**Provided material**
--------------------------------------------------
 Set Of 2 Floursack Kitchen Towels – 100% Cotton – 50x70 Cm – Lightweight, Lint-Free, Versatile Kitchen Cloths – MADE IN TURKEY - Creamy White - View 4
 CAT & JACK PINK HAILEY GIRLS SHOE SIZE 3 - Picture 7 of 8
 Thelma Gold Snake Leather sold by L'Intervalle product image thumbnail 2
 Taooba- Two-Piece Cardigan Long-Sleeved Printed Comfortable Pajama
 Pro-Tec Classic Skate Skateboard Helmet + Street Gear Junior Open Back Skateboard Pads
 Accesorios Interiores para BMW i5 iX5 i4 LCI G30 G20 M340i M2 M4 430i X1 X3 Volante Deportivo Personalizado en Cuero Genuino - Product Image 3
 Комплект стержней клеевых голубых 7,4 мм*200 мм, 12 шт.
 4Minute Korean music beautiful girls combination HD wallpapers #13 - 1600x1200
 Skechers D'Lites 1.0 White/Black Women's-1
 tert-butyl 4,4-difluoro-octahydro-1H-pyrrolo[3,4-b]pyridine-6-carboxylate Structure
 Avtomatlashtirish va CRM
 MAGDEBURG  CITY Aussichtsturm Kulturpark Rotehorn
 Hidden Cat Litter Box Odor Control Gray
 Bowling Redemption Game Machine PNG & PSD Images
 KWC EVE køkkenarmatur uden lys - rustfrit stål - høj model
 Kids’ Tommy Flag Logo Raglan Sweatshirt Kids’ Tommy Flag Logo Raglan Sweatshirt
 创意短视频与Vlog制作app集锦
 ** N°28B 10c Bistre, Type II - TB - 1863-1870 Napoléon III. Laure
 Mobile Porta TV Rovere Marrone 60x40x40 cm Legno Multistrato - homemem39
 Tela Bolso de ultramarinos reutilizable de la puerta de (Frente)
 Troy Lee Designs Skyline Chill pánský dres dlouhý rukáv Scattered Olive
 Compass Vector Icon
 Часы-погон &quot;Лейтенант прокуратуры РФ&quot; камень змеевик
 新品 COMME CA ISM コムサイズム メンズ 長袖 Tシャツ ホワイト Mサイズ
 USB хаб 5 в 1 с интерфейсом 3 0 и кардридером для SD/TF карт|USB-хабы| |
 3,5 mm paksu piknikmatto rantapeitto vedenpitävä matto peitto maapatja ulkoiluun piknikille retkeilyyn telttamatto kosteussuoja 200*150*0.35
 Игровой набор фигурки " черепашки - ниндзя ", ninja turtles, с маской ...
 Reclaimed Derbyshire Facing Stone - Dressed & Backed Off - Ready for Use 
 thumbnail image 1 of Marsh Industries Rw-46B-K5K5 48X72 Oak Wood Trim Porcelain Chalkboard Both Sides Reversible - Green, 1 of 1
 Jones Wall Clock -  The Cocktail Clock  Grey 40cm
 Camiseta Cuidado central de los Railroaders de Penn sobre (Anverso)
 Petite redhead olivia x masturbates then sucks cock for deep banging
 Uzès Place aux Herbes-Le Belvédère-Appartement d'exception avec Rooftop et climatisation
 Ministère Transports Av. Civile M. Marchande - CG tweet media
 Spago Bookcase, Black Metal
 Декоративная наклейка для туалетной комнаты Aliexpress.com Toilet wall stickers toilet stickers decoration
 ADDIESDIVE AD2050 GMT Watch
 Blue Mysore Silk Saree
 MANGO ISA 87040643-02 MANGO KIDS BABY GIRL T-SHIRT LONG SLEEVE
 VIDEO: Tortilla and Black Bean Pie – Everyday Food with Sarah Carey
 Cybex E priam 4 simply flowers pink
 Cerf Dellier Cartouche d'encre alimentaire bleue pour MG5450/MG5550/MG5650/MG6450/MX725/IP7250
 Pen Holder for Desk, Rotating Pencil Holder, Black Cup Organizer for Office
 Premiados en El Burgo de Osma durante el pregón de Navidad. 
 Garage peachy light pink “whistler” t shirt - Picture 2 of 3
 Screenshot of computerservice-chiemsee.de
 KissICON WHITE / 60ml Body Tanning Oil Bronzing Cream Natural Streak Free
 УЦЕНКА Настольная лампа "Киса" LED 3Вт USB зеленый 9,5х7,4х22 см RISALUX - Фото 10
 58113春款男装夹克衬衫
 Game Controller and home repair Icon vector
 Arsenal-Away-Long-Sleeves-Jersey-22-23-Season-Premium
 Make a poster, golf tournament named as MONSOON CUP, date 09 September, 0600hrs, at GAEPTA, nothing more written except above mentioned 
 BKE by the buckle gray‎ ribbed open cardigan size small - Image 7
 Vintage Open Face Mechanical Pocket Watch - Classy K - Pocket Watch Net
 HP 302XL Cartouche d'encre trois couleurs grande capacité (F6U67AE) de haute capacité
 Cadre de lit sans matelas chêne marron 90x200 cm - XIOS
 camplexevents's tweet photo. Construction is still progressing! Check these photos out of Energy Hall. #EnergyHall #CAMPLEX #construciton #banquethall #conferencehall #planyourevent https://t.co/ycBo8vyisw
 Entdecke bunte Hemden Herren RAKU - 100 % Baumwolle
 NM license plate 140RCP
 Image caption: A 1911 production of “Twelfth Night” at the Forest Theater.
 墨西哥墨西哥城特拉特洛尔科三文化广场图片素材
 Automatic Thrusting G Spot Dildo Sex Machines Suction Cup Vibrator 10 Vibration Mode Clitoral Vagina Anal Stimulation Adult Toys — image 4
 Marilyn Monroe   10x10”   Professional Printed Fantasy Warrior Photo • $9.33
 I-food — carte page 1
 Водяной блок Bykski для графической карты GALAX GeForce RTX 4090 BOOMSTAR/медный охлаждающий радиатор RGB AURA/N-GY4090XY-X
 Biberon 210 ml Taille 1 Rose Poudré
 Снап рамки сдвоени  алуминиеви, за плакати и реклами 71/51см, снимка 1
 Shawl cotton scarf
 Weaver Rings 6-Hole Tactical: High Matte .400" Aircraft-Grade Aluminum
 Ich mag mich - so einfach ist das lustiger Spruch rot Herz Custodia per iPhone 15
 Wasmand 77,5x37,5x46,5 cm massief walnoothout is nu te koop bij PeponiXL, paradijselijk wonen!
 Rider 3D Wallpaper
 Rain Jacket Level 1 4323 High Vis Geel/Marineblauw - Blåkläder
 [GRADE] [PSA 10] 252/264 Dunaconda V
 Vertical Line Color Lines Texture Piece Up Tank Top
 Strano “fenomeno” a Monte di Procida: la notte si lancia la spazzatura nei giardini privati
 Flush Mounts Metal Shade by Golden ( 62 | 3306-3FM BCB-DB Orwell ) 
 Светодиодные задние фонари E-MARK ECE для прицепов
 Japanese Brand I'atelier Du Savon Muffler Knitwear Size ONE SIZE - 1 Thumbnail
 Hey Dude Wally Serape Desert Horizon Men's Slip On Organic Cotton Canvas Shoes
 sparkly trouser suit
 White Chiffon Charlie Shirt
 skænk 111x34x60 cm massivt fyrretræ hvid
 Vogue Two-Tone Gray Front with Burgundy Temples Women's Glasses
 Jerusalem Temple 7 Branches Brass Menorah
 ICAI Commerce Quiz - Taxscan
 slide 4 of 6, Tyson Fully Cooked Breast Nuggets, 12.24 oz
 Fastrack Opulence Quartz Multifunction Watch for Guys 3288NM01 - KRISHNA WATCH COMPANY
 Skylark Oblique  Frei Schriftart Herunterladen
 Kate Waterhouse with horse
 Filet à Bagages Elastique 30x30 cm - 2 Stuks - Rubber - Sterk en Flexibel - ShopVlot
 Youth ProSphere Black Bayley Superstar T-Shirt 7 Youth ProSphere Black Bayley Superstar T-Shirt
--------------------------------------------------
**Work to complete**
Set down, word for word, every line from the line that holds "nei giardini privati" to the end of the entries above, including both ends.

**Task solution**
 Strano “fenomeno” a Monte di Procida: la notte si lancia la spazzatura nei giardini privati
 Flush Mounts Metal Shade by Golden ( 62 | 3306-3FM BCB-DB Orwell ) 
 Светодиодные задние фонари E-MARK ECE для прицепов
 Japanese Brand I'atelier Du Savon Muffler Knitwear Size ONE SIZE - 1 Thumbnail
 Hey Dude Wally Serape Desert Horizon Men's Slip On Organic Cotton Canvas Shoes
 sparkly trouser suit
 White Chiffon Charlie Shirt
 skænk 111x34x60 cm massivt fyrretræ hvid
 Vogue Two-Tone Gray Front with Burgundy Temples Women's Glasses
 Jerusalem Temple 7 Branches Brass Menorah
 ICAI Commerce Quiz - Taxscan
 slide 4 of 6, Tyson Fully Cooked Breast Nuggets, 12.24 oz
 Fastrack Opulence Quartz Multifunction Watch for Guys 3288NM01 - KRISHNA WATCH COMPANY
 Skylark Oblique  Frei Schriftart Herunterladen
 Kate Waterhouse with horse
 Filet à Bagages Elastique 30x30 cm - 2 Stuks - Rubber - Sterk en Flexibel - ShopVlot
 Youth ProSphere Black Bayley Superstar T-Shirt 7 Youth ProSphere Black Bayley Superstar T-Shirt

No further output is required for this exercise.